|Portland police promote officer who fatally shot man in back|
Story by Aubra Salt - The Oregon Herald
|Published on Thursday December 9, 2010 - 12:42 PM|
On November 4, 2005, officer Leo Besner was working as a SERT sniper when he shot and killed Raymond Gwerder. Family members and friends say Gwerder was simply upset and needed to talk but ended up being shot in the back by Besner.
At the time of his death, Ray Gwerder, 30, was completing his final courses needed to earn a bachelor's Degree in Biology.
"Ray was this wonderful, sensitive, bright, young man, who was just experiencing a moment in his life where he really needed some help," Molly Aleshire, a long time friend and roommate, said. "Ray had the kind of solid integrity where you could always trust him to do the right thing, no matter what. He was one of the most insightful, and intuitive people I've ever known."
Evidence from the scene of the shooting exposed an extremely flawed Portland Police operation. Besner claimed his fatal shot at Gwerder was justified by potential danger to Gwerder's neighbors. These were the same neighbors the police failed to evacuate over the 90-minute period prior to the shooting.
As Ray Gwerder was talking to a crisis negotiator on the phone, he was shot in the back by officer Besner. Besner later testified that he fired the shot to protect officers, children and adults in the area. And of course, he was cleared of all wrong doing, but the city still paid Gwerder's family a reported $500,000 settlement indicating they had no legal argument that their own had made a horrible mistake.
"We've gotten a lot of feedback from family and friends that through this situation they no longer feel safe with the Portland Police Bureau," said Molly Aleshire.
Aleshire knew Raymond Gwerder like a brother. When she and her husband recently heard that officer Bresner was receiving a promotion they immediately objected.
"It just doesn't feel good. It doesn't feel good that we're going to promote this behavior. It doesn't feel good that when we're choosing our officers, is it just that we don't' have anybody better to promote?" she asked.

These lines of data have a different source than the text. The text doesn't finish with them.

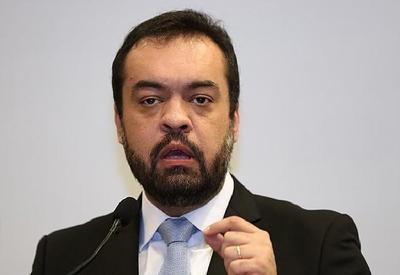 MP Eleitoral acusa governador do RJ e mais 11 pessoas de abuso de poder MP Eleitoral acusa governador do RJ e mais 11 pessoas de abuso de poder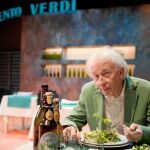 Boadella mete al público en un restaurante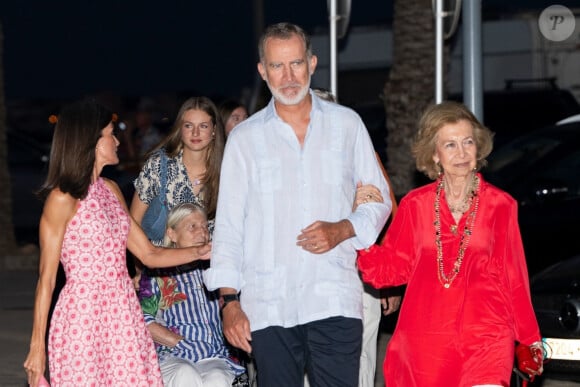 Le roi Felipe VI et la reine Letizia d'Espagne, dînent en famille au restaurant Mia à Palma de Majorque, le 4 août 2024. Ils étaient entourés de leurs filles, la princesse Leonor, l'infante Sofia d'Espagne, la reine Sofia, sa soeur, la princesse Irène de Grèce et sa cousine, Tatiana Radziwill.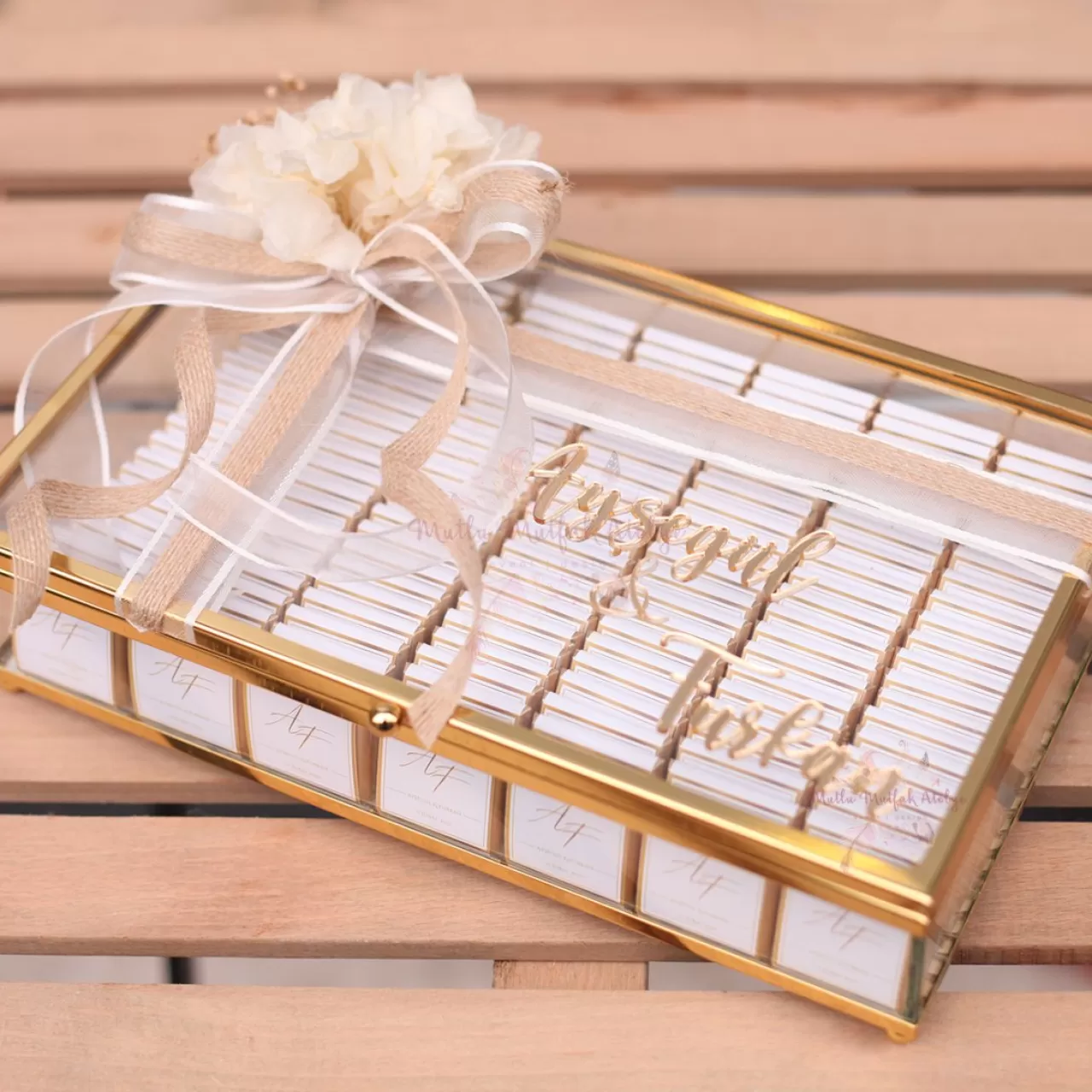 Cam Kutuda Nişan Çikolatası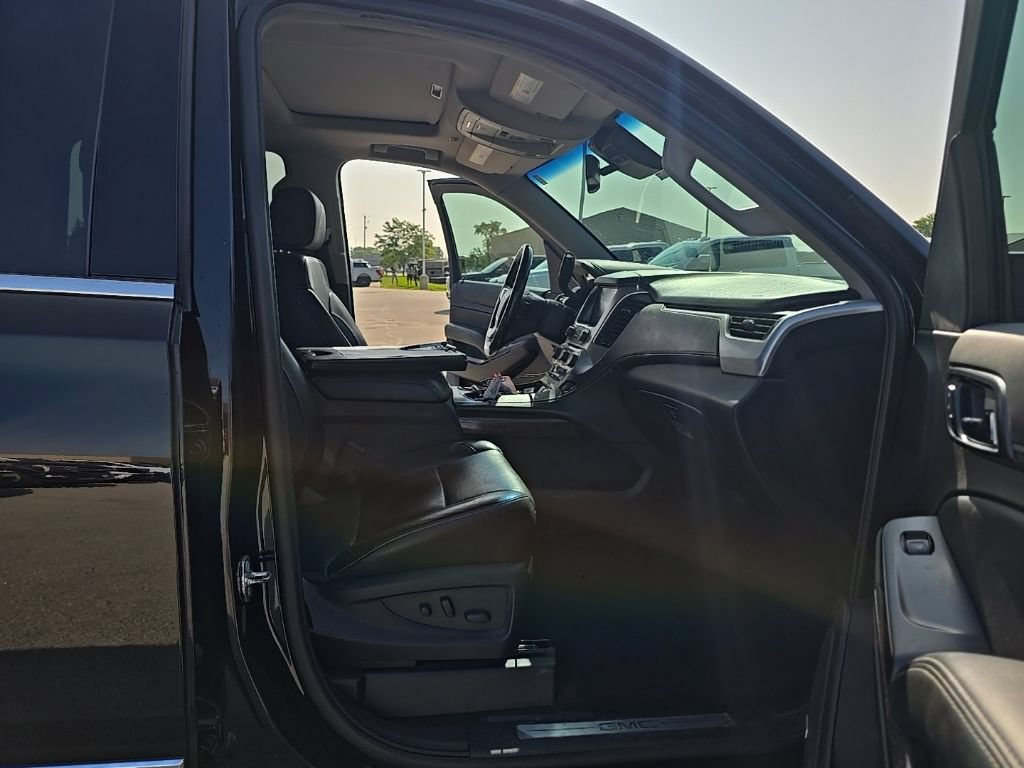 Used 2018 GMC Yukon SLT w/ Premium Edition AWD/4WD image 18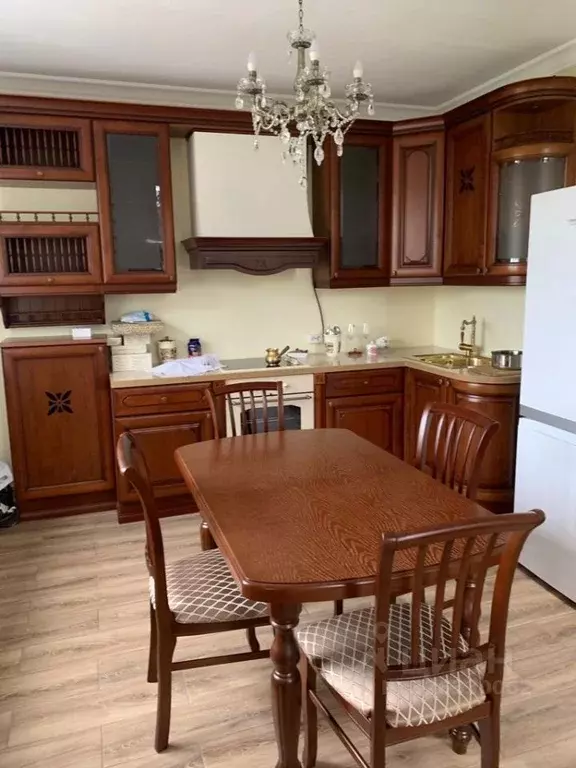 Дом в Омская область, Омск ул. Декабристов, 20 (150 м) - Фото 2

Aleshire isn't alone. Dan Handleman of Portland Copwatch agrees. Handleman cited four Besner cases totaling $1,191,052 in settlement and legal fees paid by the city. "To have him supervising other officers is of great concern because if he's going to let them do the same thing we're going to have more problems in the future," said Handleman.
Besner ranked seventh on the bureau's sergeant promotion list. With six promotions already given, Besner was apparently next in line.
Besner was also among officers who responded to a report of a fight in downtown Portland in 2006 during a St. Patrick's Day celebration.
A man involved claimed Besner punched him in the groin and used a knife to cut the seat belts he was wearing while he sat in a vehicle.
The city settled with two people in that case for $175,000.